I hear you asking what this has to do with Annabel Lamb? Well, plenty, because if you don't have just a little understanding of the background, the history, how can you hope to know the now, let alone the future?

When Annabel's first album appeared in the UK in 1983 - can it really be over 20 years ago? - it didn't contain the song that was to become her (sadly - at least, to date) only "hit". The Door's "Riders On The Storm" was added later. The addition was understandable from the record company's point of view but, to my mind, it unbalances the album. Not that it detracts from the music in any way - it just seems to me to be out of place. On the radio it sounds great! Not that anybody plays it these days - which is a shame.

But the song is a link back to the 60's and the history of nearly twenty years before. It is also very rare for any artist to take a song of such quality and to add something to it. Of course, many artists take a song and manage to do a reasonably competent cover version but you often know instinctively that the original is better. Very few artists seem to understand where such a song was coming from, what it really meant, what the ideals were that inspired it. Even without already knowing the high quality of the self-penned songs on Once Bitten you know that the singer on this cover of The Doors' classic is an exception to the rule. Listen to the phrasing, the passion, restrained as was Jim Morrison's, understated, menacing - you want, no you need, to know the end of the story - but you're not told! It would have been so easy to over-do it, to add frills that were never needed where the simplicity is the key.
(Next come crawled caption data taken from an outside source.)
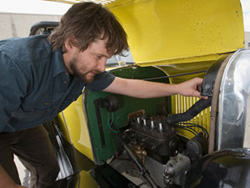 Conservator Ainslie Greiner looks under the Citroen's engine cover.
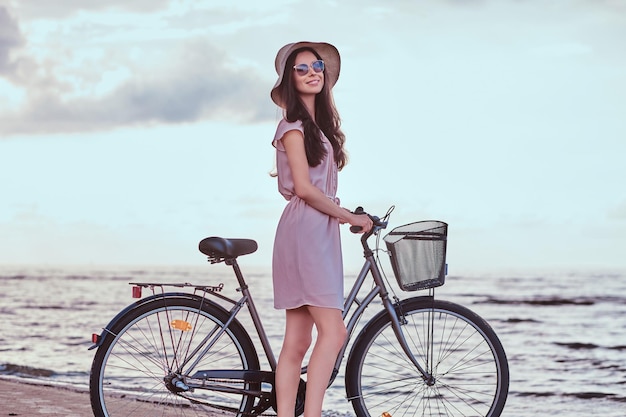 Happy sensual girl in sunglasses and hat wearing dress walks with her bicycle on the beach against amazing seaside background.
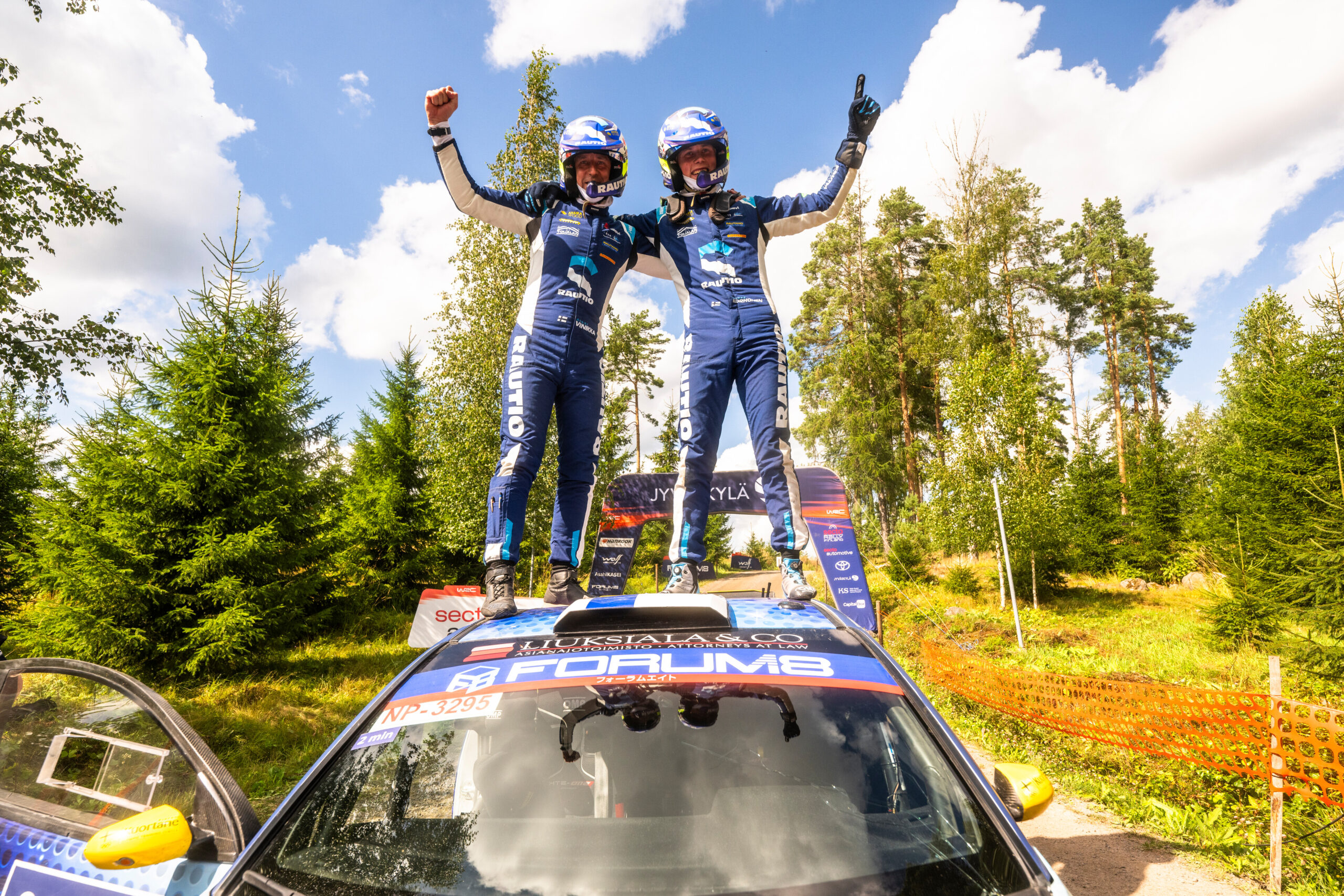 Roope Korhonen (FIN) Anssi Viinikka (FIN) celebrate on the podium in first place after winning the World Rally Championship WRC 2 category in Jyvasküla, Finland on 3.08.2025 //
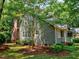 Well-maintained exterior with a brick chimney and lush landscaping at 119 Long Shadow Ln, Cary, NC 27518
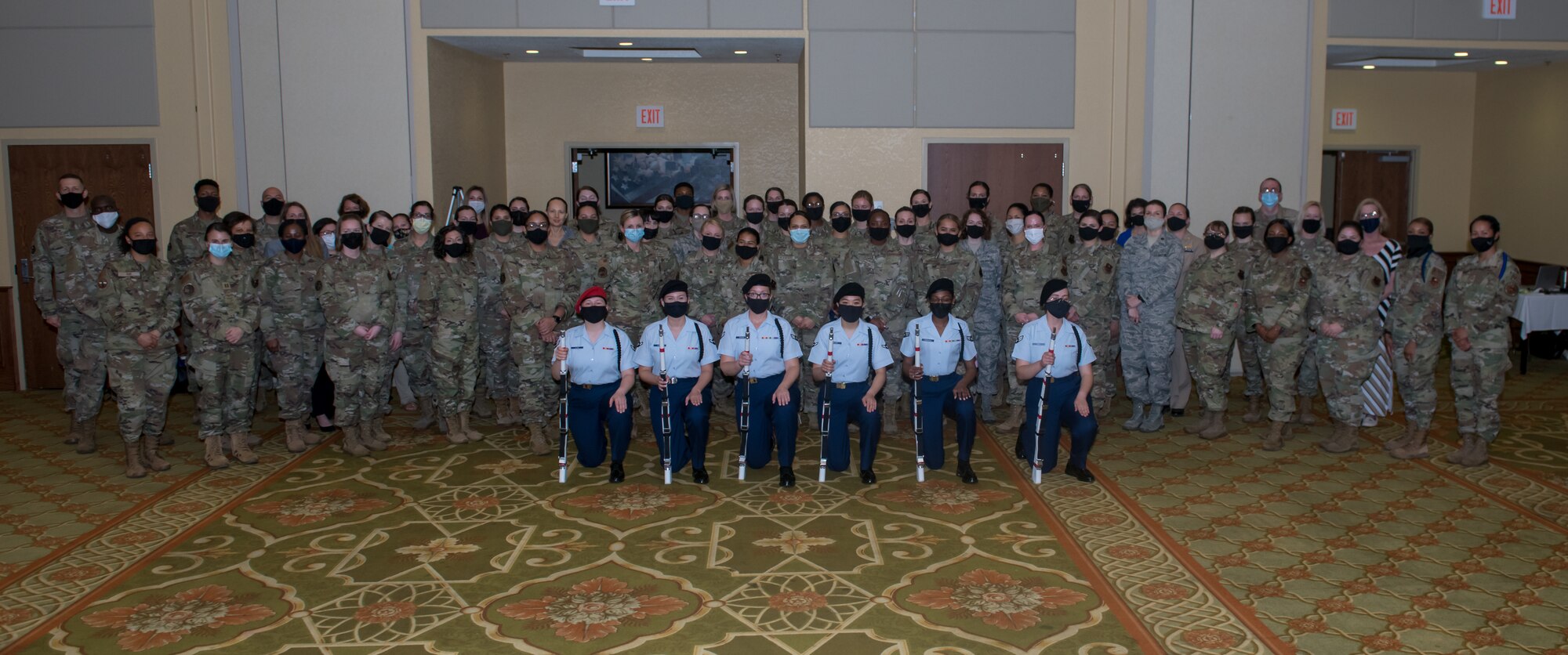 The 2021 Mississippi Veteran Affairs Military Women's Summit attendees pose for a photo in the Bay Breeze Event Center at Keesler Air Force Base, Mississippi, March 25, 2021. The summit focused on the goal of supporting a diverse and inclusive force catered to veterans, retirees, reservists, active duty and national guard members. (U.S. Air Force photo by Andre' Askew)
Although Annabel may be classed as a "one hit wonder" you only have to listen to the triumvirate of albums that followed Once Bitten: The Flame, When Angels Travel and Brides to know that the music was always more important to the artist than the sales volume. Then there's the (slightly) more recent Justice and Flow albums to add to a body of work that merits this re-appraisal. Unfortunately, many people will have missed out simply because they think that if an artist doesn't have hits they must be worthless. No doubt some artists are better than others but if you are already part-way to buying this collection then you must have some faith and understand that an artist such as Annabel Lamb doesn't come by all that regularly: this may be your only chance to hear why.